It is eerily still, the only sound the wind whistling in the lift cables. There is no sign of the little stone café and refuge where we once spent happy winter afternoons downing vin chaud. The familiar pistes where happy children used to play are deserted; covered in a foot of virgin powder. I pull up my collar to block out the cold winter air.
Lone Pylon
The Col du Coq is a reminder of simpler times, ski resorts on a human scale before the MBAs at the Compagnie des Alpes took over and served us up with vast, homogenized ski domains all in conformance with ISO14001. A time when pioneers such as Lindsay, Pomagalski and Rossat could throw up a ski lift on a snow covered field. When ski resorts served their local community and a few intrepid pioneers from further afield.
Col du Coq
It wasn’t global warming that did for the Col du Coq. The ski slopes are situated at 1400 meters in the North facing Charvet bowl which holds its snow from the end of November to April. Instead there was a dispute over land. The lifts were on fields leased from a local farmer. When time came for the owners to retire an agreement couldn’t be found to package the site as a whole.

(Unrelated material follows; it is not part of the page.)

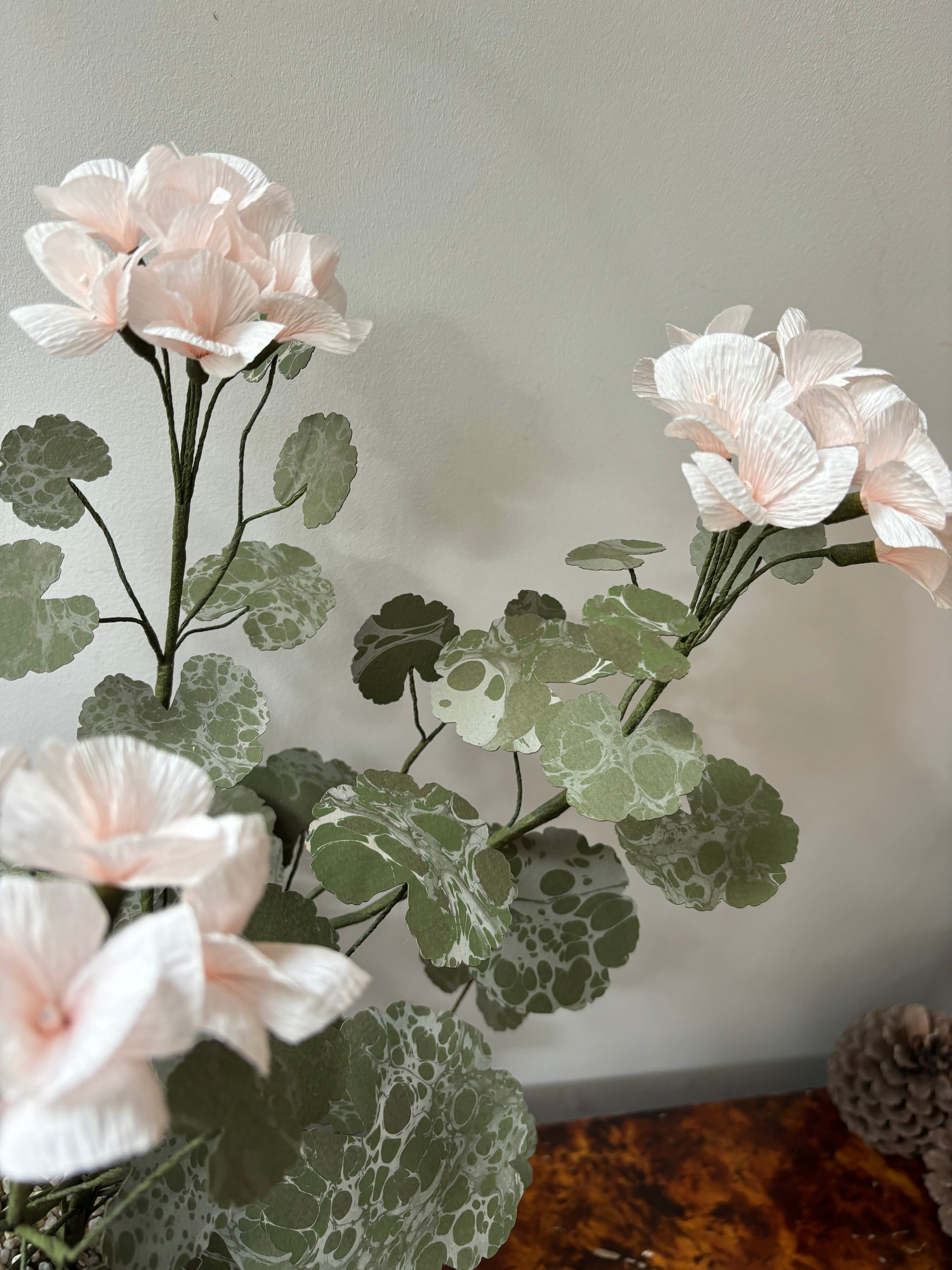 Geranium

The local community of St Hilaire was interested but already had a ski domain on the sunny, West facing Plateau des Petites Roches. Since the area closed a decade ago brushwood has slowly begun colonizing the runs.
Dome d’Arguille
We skied down to the resort after climbing the west side of the Dome d’Arguille. One of the easier peaks in the area. The lifts were supposed to be dismantled in 2000. But looking around it seems like it would only take a spot of grease to get them up and running again. After a short climb we reach the Col where a snow plough busily keeps the road open all winter, waiting forlornly for the day when weekend skiers once again whoosh down the slopes.